Transcribe the listing exactly, so that nothing but the pictures is missing.

**Data extract:**
<<<<

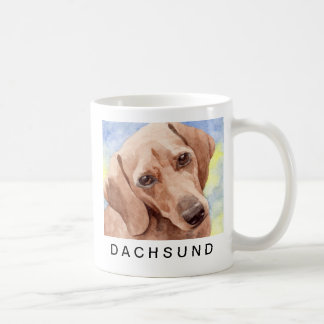 Dachshund Coffee Mug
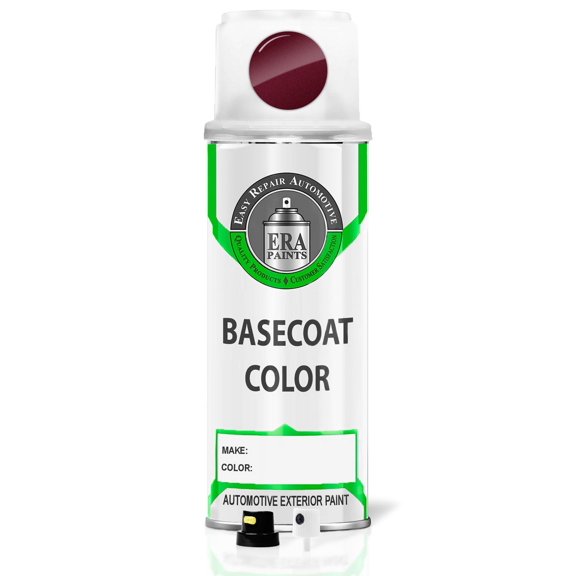 ERA Paints 5R/RS - Wine Red Mica for HYUNDAI Exact Match Touch Up Paint Spray - Basic Kit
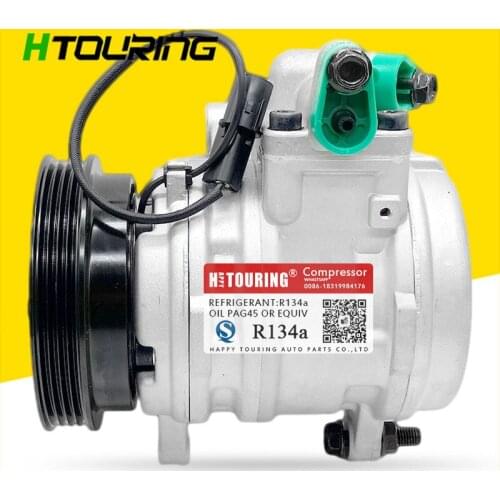 HS11 Air conditionin compressor For Hyundai i10 2007-2013 For KIA Picanto 2004-2018 9770107100 97701-07100 9770107110 977010X000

>>>>

**Output for this task:**
 Dachshund Coffee Mug
 ERA Paints 5R/RS - Wine Red Mica for HYUNDAI Exact Match Touch Up Paint Spray - Basic Kit
 HS11 Air conditionin compressor For Hyundai i10 2007-2013 For KIA Picanto 2004-2018 9770107100 97701-07100 9770107110 977010X000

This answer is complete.